[Scraped caption text data]

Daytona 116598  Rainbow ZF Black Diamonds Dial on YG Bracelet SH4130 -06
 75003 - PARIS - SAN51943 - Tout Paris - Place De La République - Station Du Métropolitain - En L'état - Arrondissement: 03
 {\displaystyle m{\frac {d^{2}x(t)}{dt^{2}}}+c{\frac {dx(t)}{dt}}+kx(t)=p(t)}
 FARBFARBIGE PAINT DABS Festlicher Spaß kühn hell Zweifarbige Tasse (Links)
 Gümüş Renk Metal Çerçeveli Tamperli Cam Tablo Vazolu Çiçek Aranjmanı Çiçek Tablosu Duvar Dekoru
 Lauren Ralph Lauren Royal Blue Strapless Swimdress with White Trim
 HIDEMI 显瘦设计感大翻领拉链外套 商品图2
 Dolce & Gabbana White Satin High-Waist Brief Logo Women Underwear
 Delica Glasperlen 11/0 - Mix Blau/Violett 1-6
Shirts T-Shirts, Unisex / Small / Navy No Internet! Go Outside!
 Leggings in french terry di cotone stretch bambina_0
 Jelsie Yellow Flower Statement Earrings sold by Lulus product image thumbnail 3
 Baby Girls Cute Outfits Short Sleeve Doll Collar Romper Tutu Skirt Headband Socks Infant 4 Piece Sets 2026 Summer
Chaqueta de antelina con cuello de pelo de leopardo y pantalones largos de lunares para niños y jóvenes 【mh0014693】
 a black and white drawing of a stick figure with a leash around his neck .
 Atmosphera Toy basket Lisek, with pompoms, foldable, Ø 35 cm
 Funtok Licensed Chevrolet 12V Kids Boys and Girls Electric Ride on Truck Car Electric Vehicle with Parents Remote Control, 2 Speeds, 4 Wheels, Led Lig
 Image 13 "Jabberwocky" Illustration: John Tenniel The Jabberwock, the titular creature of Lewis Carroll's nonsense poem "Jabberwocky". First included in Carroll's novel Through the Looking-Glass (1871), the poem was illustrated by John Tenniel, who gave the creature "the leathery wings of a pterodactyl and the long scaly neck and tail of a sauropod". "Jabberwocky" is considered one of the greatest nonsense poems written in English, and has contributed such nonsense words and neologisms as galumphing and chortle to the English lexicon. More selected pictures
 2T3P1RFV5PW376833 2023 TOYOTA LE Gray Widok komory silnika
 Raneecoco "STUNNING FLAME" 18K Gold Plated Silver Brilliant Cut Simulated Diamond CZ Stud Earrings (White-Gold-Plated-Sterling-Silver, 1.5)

*Required work:* When you reach the line holding "HIDEMI 显瘦设计感大翻领拉链外套 商品图2" in the records above, begin reproducing exactly, stop after the line holding "Atmosphera Toy basket", and output nothing else.

*Task answer:*
 HIDEMI 显瘦设计感大翻领拉链外套 商品图2
 Dolce & Gabbana White Satin High-Waist Brief Logo Women Underwear
 Delica Glasperlen 11/0 - Mix Blau/Violett 1-6
Shirts T-Shirts, Unisex / Small / Navy No Internet! Go Outside!
 Leggings in french terry di cotone stretch bambina_0
 Jelsie Yellow Flower Statement Earrings sold by Lulus product image thumbnail 3
 Baby Girls Cute Outfits Short Sleeve Doll Collar Romper Tutu Skirt Headband Socks Infant 4 Piece Sets 2026 Summer
Chaqueta de antelina con cuello de pelo de leopardo y pantalones largos de lunares para niños y jóvenes 【mh0014693】
 a black and white drawing of a stick figure with a leash around his neck .
 Atmosphera Toy basket Lisek, with pompoms, foldable, Ø 35 cm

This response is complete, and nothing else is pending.